● What to do: Copy the listing below in full and skip every picture.

[Data]

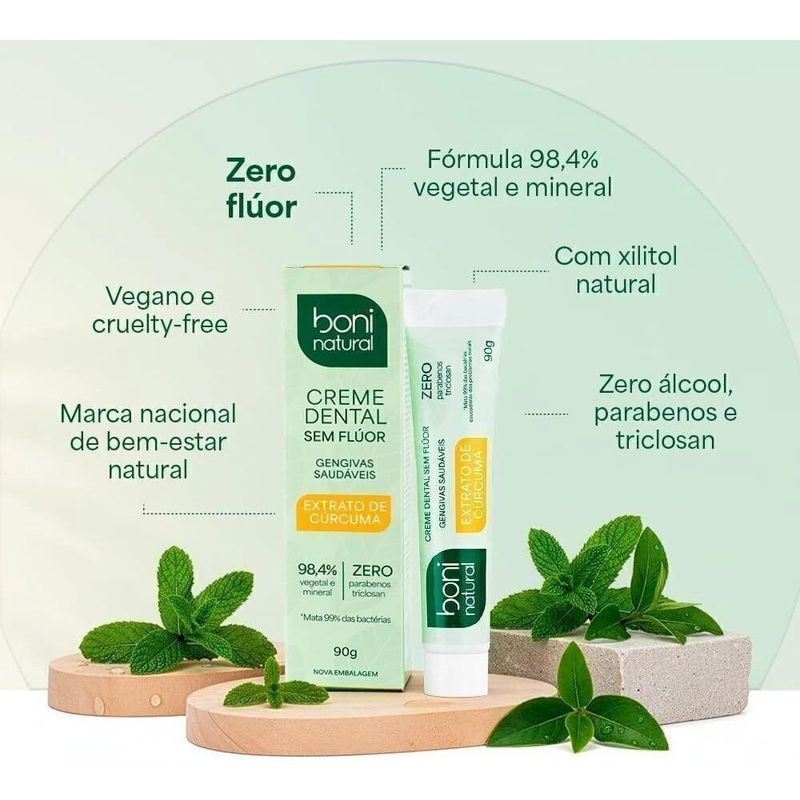 creme dental boni natural hortelã e curcuma 90g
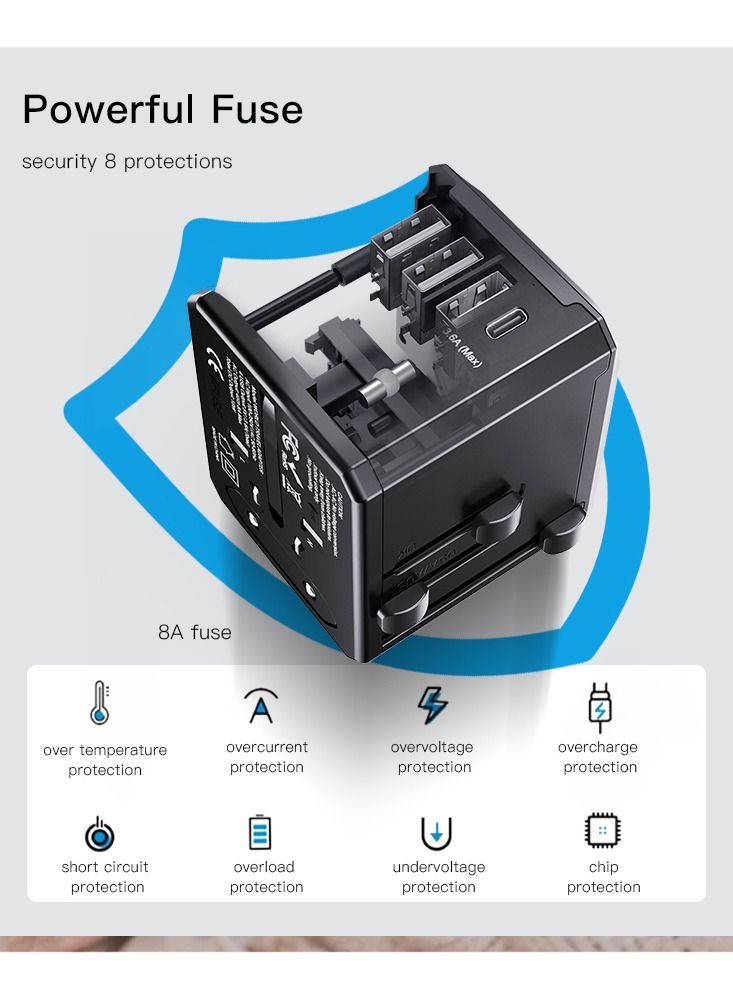 5 in 1 Multifunctional Worldwide Charger Plug Convert Adapter With USB and Type-C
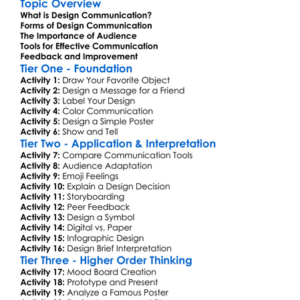 Design Communication Worksheet Activity Booklet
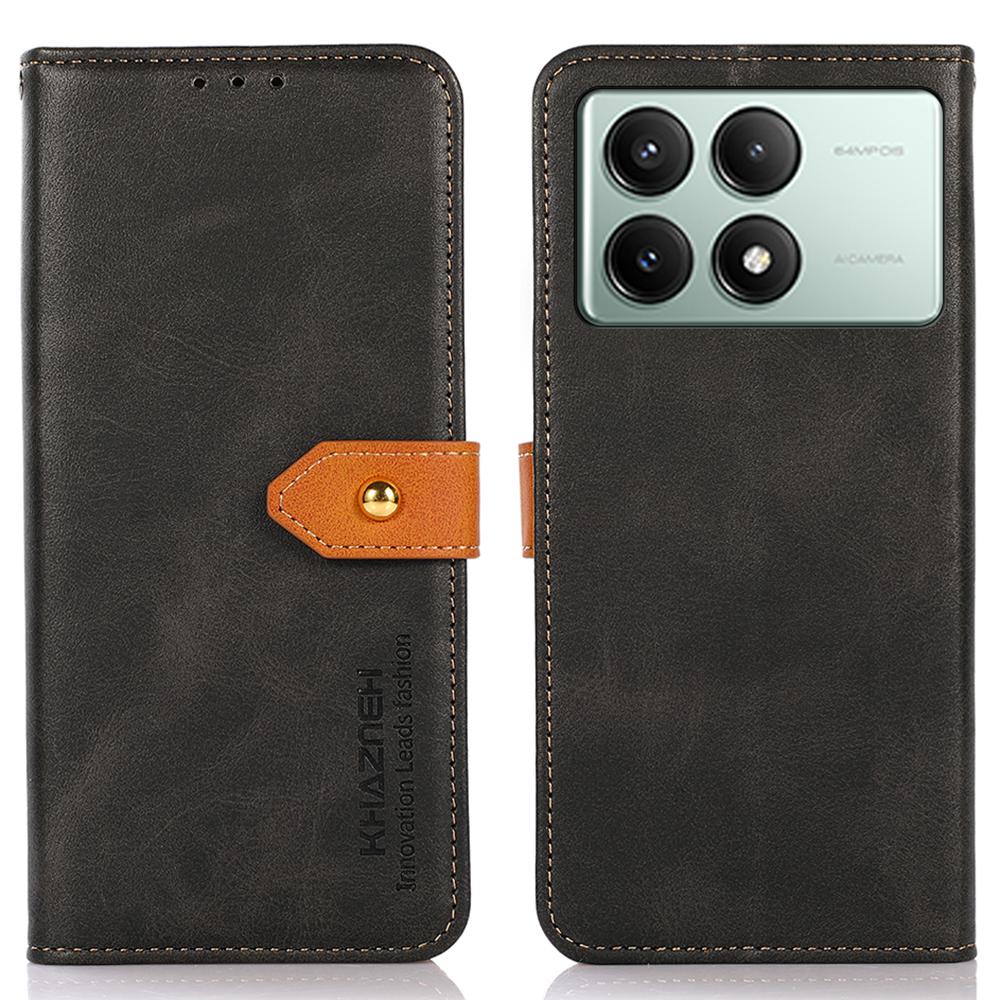 

KHAZNEH For Xiaomi Redmi K70E 5G/Poco X6 Pro 5G Case Golden Magnetic Buckle Wallet Phone Protector A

[/Data]

● Task response:
 creme dental boni natural hortelã e curcuma 90g
 5 in 1 Multifunctional Worldwide Charger Plug Convert Adapter With USB and Type-C
 Design Communication Worksheet Activity Booklet

KHAZNEH For Xiaomi Redmi K70E 5G/Poco X6 Pro 5G Case Golden Magnetic Buckle Wallet Phone Protector A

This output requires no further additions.